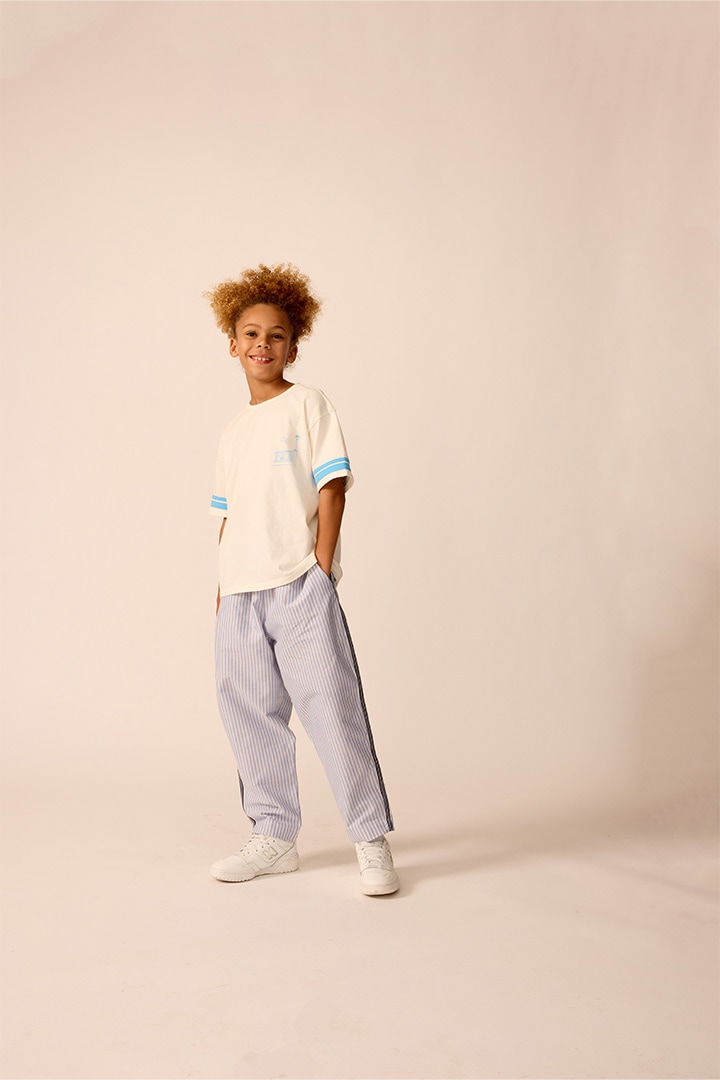 the sunday collective / Organic Weekend Tee with Buzzer Blue Trim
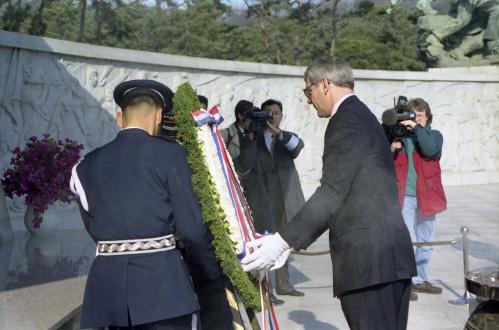 존 메이저 영국 총리 국립묘지 참배 이미지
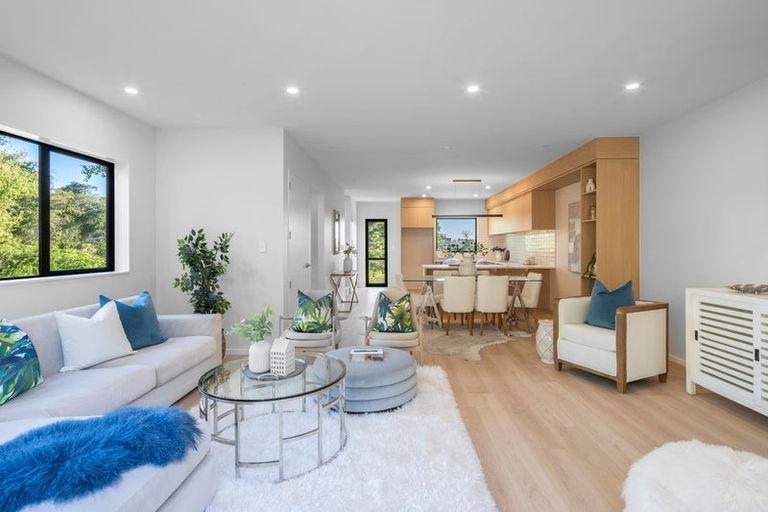 Photo of property in 2/9 Rengarenga Rise, Fairview Heights, Auckland, 0632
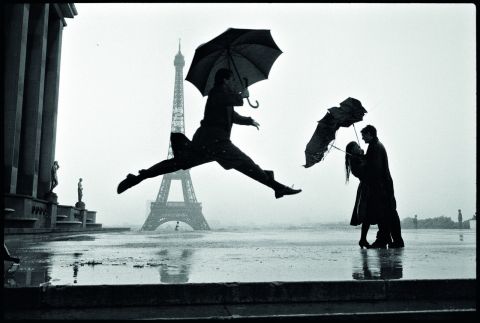 Elliott Erwitt, FRANCE, Paris, 1989; 50x60cm © Elliott Erwitt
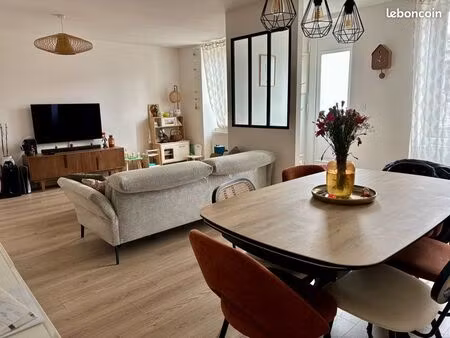maison de ville rénovée avec terrasse et jardin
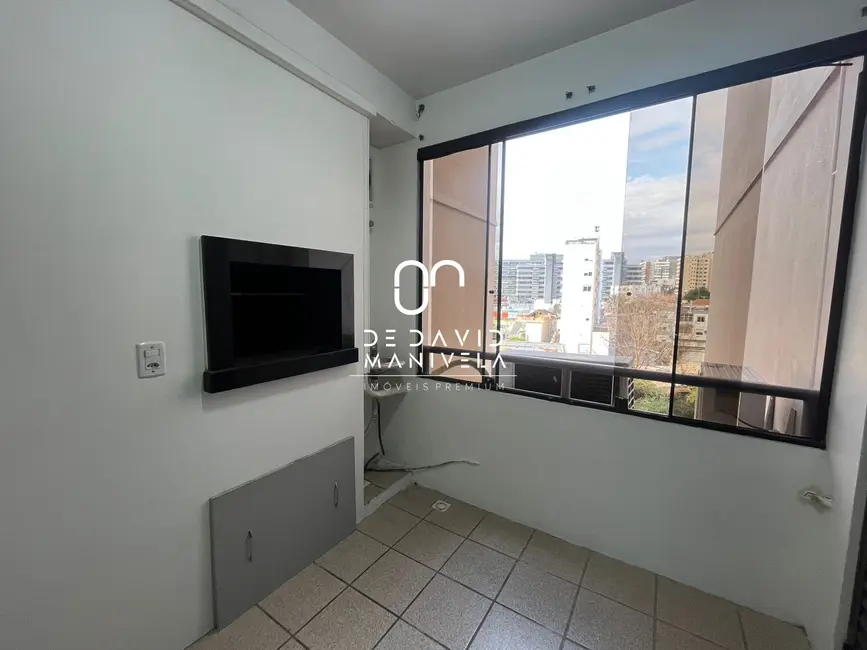 Foto 9 de Apartamento com 3 quartos à venda, 179m2 em Centro, Santa Maria - RS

****************

* [Exercise details] Take the data above and repeat it exactly, leaving each picture out.

* [Result for this task]
 the sunday collective / Organic Weekend Tee with Buzzer Blue Trim
 존 메이저 영국 총리 국립묘지 참배 이미지
 Photo of property in 2/9 Rengarenga Rise, Fairview Heights, Auckland, 0632
 Elliott Erwitt, FRANCE, Paris, 1989; 50x60cm © Elliott Erwitt
maison de ville rénovée avec terrasse et jardin
 Foto 9 de Apartamento com 3 quartos à venda, 179m2 em Centro, Santa Maria - RS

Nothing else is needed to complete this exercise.